▶ _Source data_
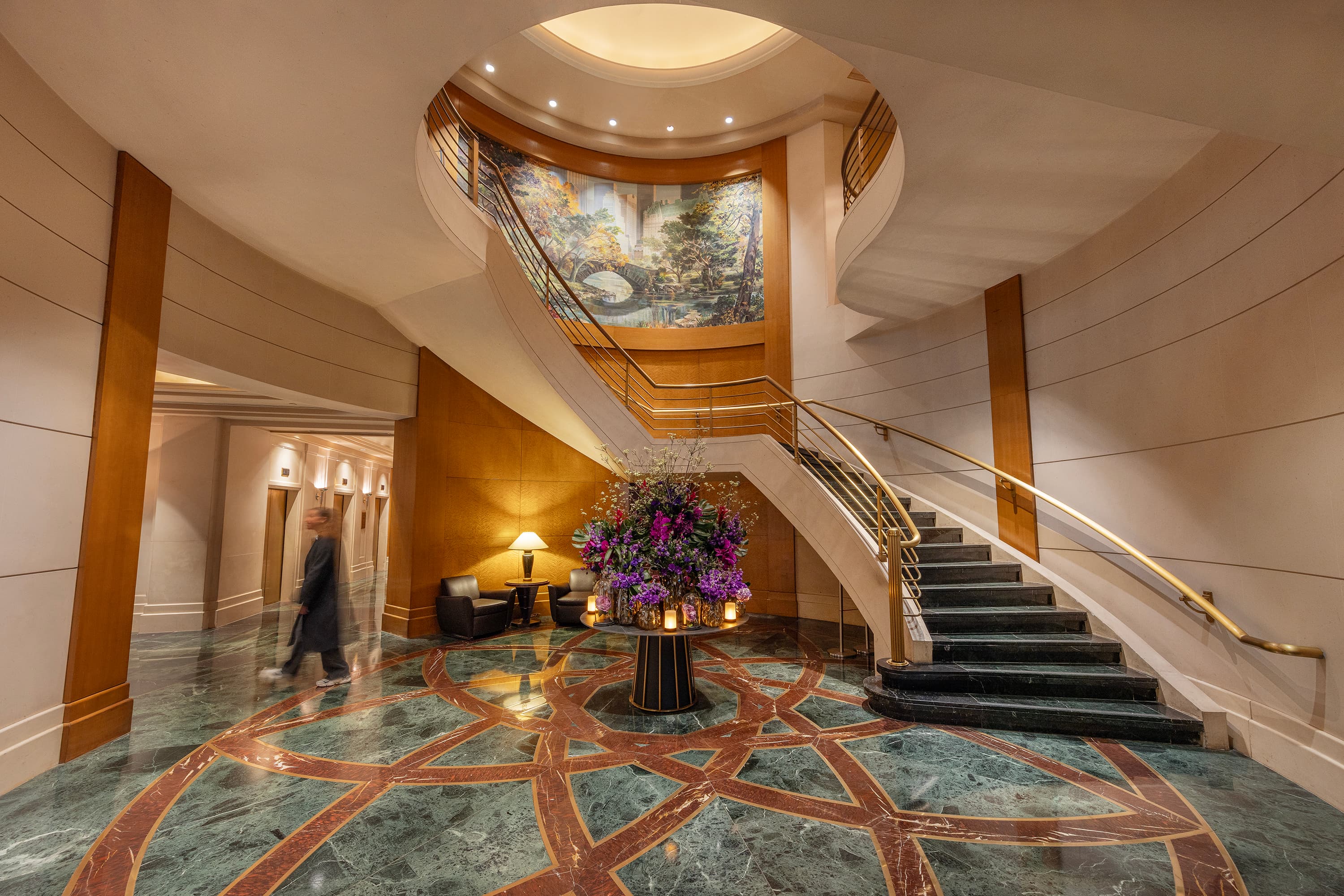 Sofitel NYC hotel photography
--
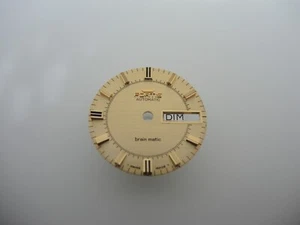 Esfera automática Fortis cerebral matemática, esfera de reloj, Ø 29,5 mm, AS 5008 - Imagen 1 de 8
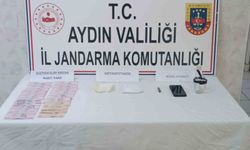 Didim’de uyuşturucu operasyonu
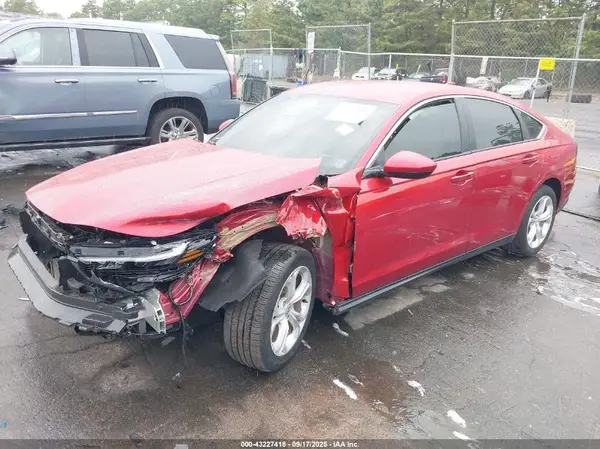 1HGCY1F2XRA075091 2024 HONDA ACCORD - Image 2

▶ _What you are asked to do_
Only one stretch of the listing is wanted: the lines starting at the one with "Didim’de uyuşturucu operasyonu" and ending at the one with "1HGCY1F2XRA075091 2024 HONDA", copied exactly and free of pictures.

▶ _Expected answer_
 Didim’de uyuşturucu operasyonu
 1HGCY1F2XRA075091 2024 HONDA ACCORD - Image 2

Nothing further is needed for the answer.